Legal defence falls flat as platform swamped with products which violate FDA regulations says Wall Street Journal report.
“Amazon has ceded control of its site,” according to a Wall Street Journal report. In an investigative report, the WSJ states that “just like tech companies that have struggled to tackle misinformation on their platforms, Amazon has proven unable or unwilling to effectively police third-party sellers on its site.”
Research suggests that in addition to a multiude of counterfeits, there are “thousands of banned, unsafe or mislabeled products.” These range from nearly 100 different eyelash-growth products falsely listed as “FDA-approved” to sleeping mats the Food and Drug Administration warns can suffocate infants. The Seattle-based behemoth has achieved a 36.5 percent market share of online retail as of 2018, and became the second company to ever reach a $1 trillion market cap the same year, following Apple. Amazon relied heavily on its marketplace, which has 2.5 million third-party sellers amounting to nearly 60 percent of all physical merchandise sales by Amazon. Close to 15,000 listings for products have been identified by the WSJ which fall foul of FDA regulations, “many of them anonymous, many in China, some offering scant information,” the report states. According to the WSJ’s Alexandra Berzon, Shane Shifflett and Justin Scheck Amazon regularly disclaims liability, asserting that it is not the seller, but instead, merely an intermediary.

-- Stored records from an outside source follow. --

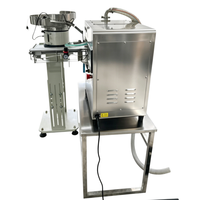 Automatische zakjesafvulmachine voor staande zuigzakken met dop, geschikt voor melk, sap, dranken en andere vloeistoffen.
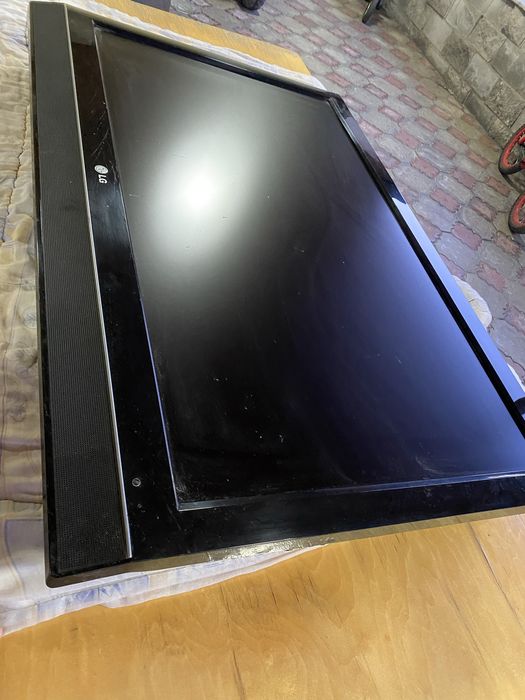 Продам телевизор в идеальном состоянии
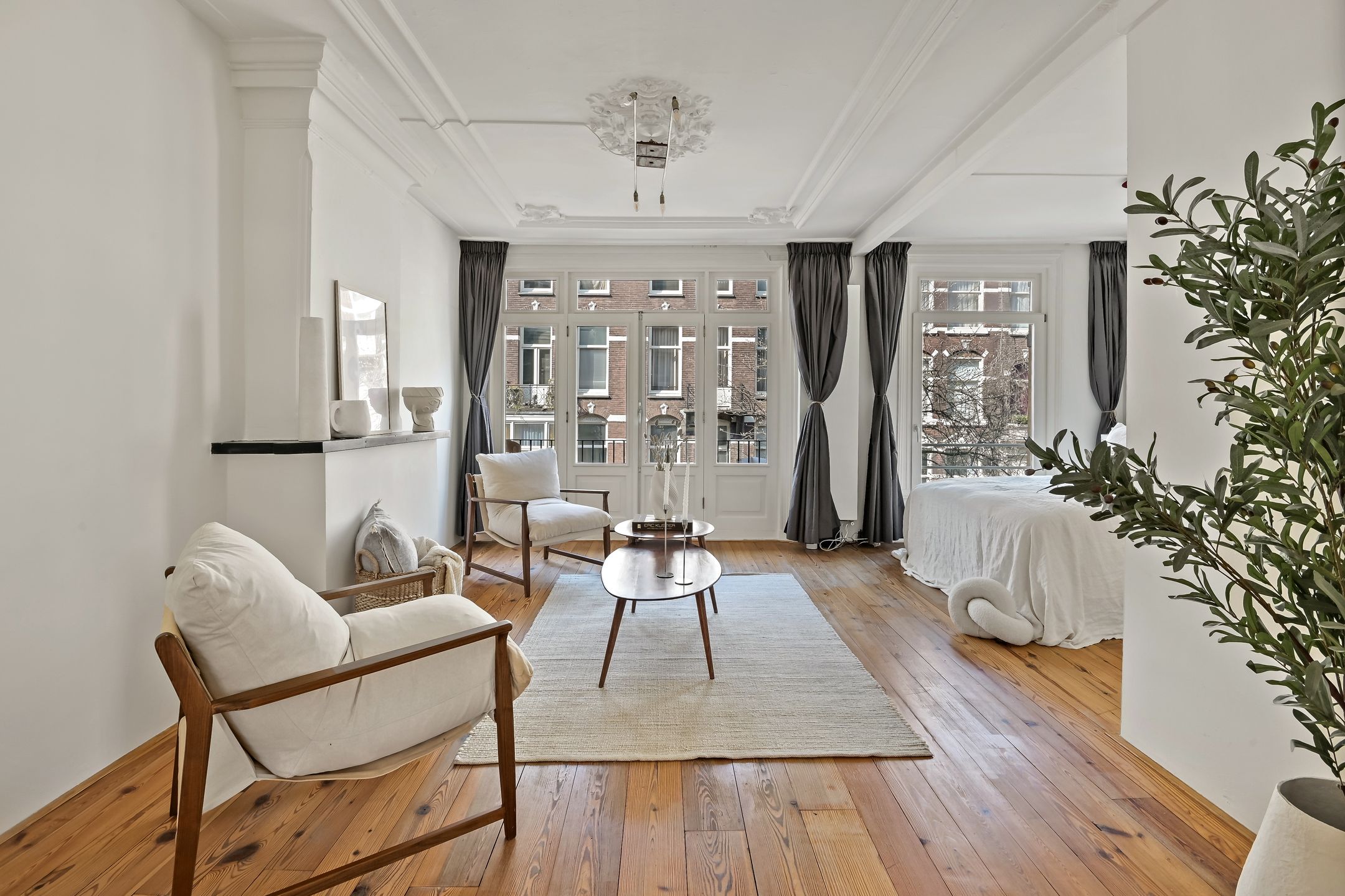 Photo 3 of Eerste Helmersstraat 69-1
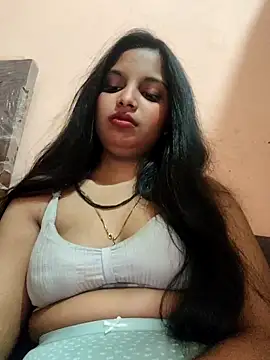 Maahhii 2 online show from February 20, 9:26 pm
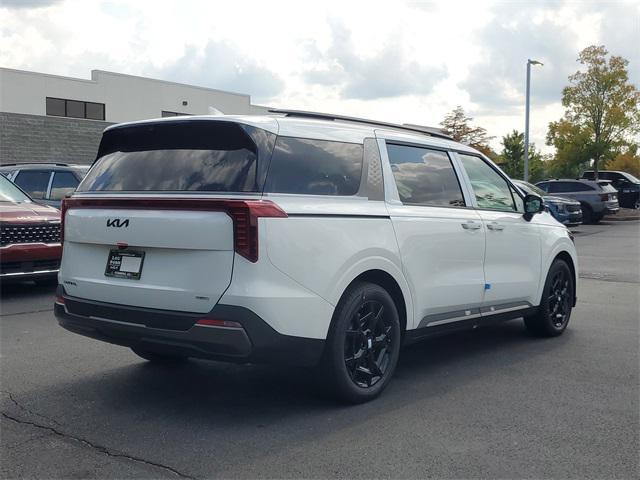 new 2026 Kia Carnival Hybrid car, priced at $52,521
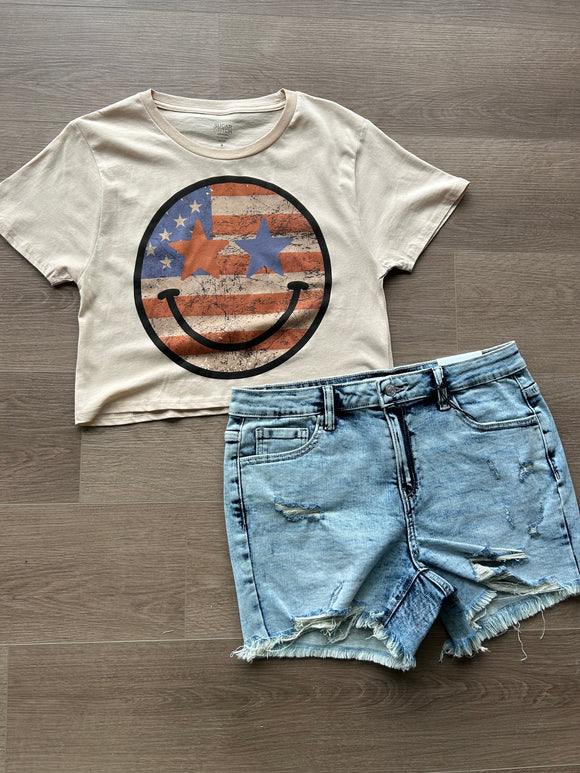 American smiley cropped tee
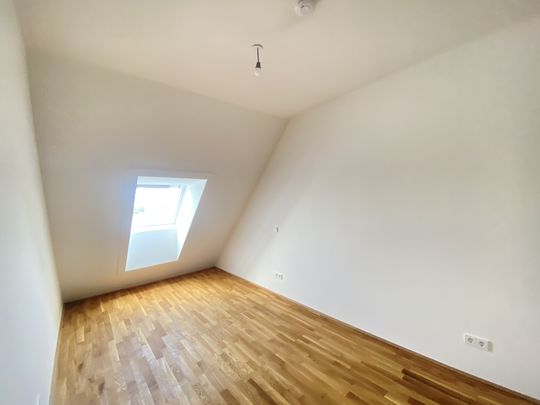 TRAUM WEITBLICK 2 Zimmer + Balkon - 1 bedroom apartment + balcony ERSTBEZUG =Das Laurenz= U3 - Photo 1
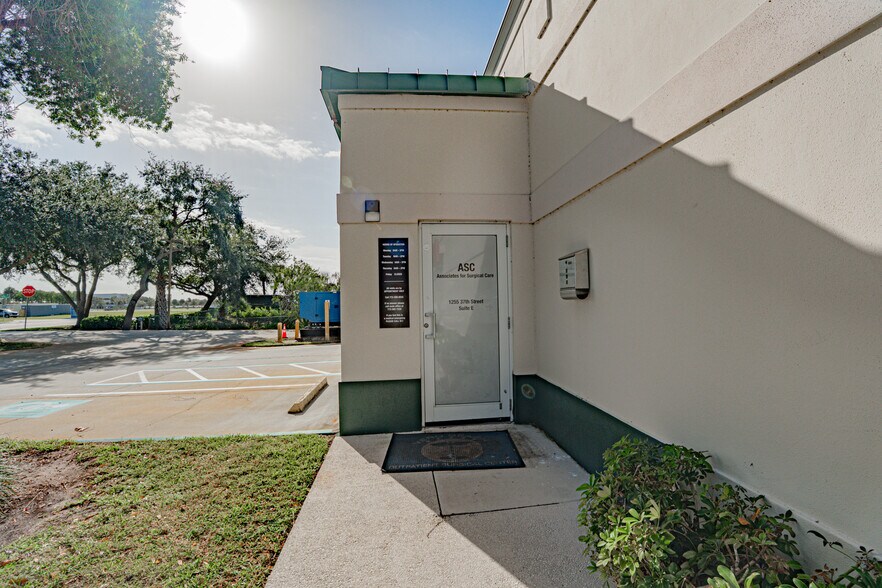 More Photos Of 1255 37th St, Vero Beach Medical For Sale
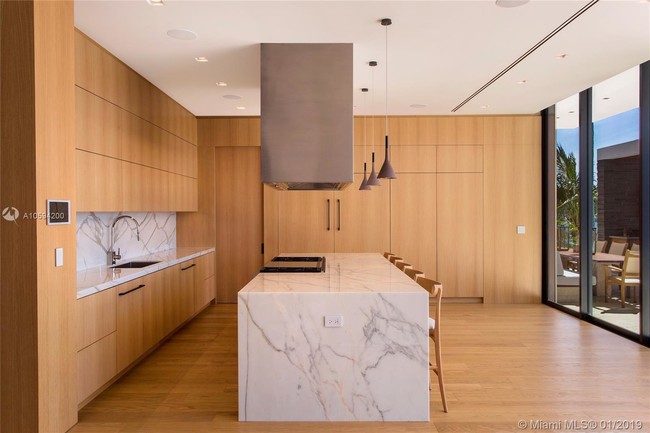 Building Photo - 428 S Hibiscus Dr
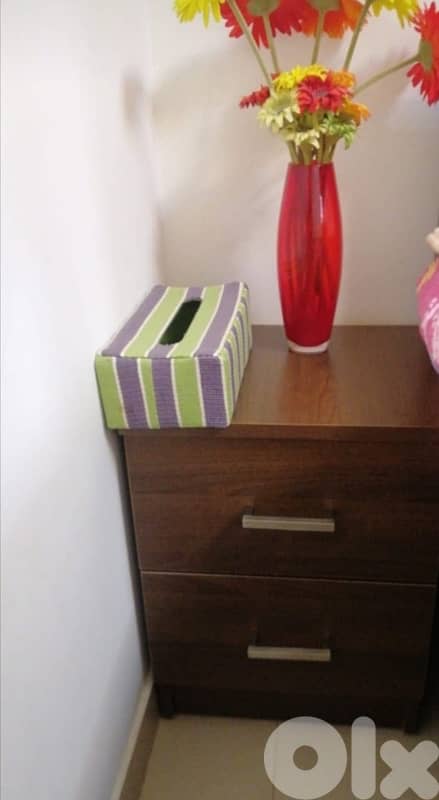 bed+closet+bed side tables 1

“Amazon’s common legal defense in safety disputes over third-party sales is that it is not the seller and so, [it] can’t be responsible under state statutes that let consumers sue retailers,” according to the reporters, suggesting for the most part this has proven effective. However, last month when a 3-judge panel for the US Court of Appeals for the Third Circuit Court of Appeals determined that Amazon is, in fact, liable for the damage caused by a defective dog leash purchased from a third-party on its marketplace in December 2014. The court determined that despite the fact that the leash was “sourced and shipped by [a] third-party vendor … Amazon’s involvement in transactions extends beyond a mere editorial function; it plays a large role in the actual sales process.” The case, contested by Amazon, may have a significant impact upon Amazon because over half of the products sold by Amazon each year come from third-parties. The WSJ suggests the Third Circuit’s decision “could impose on Amazon greater responsibility” and legal liability over the products listed on its site by third-parties.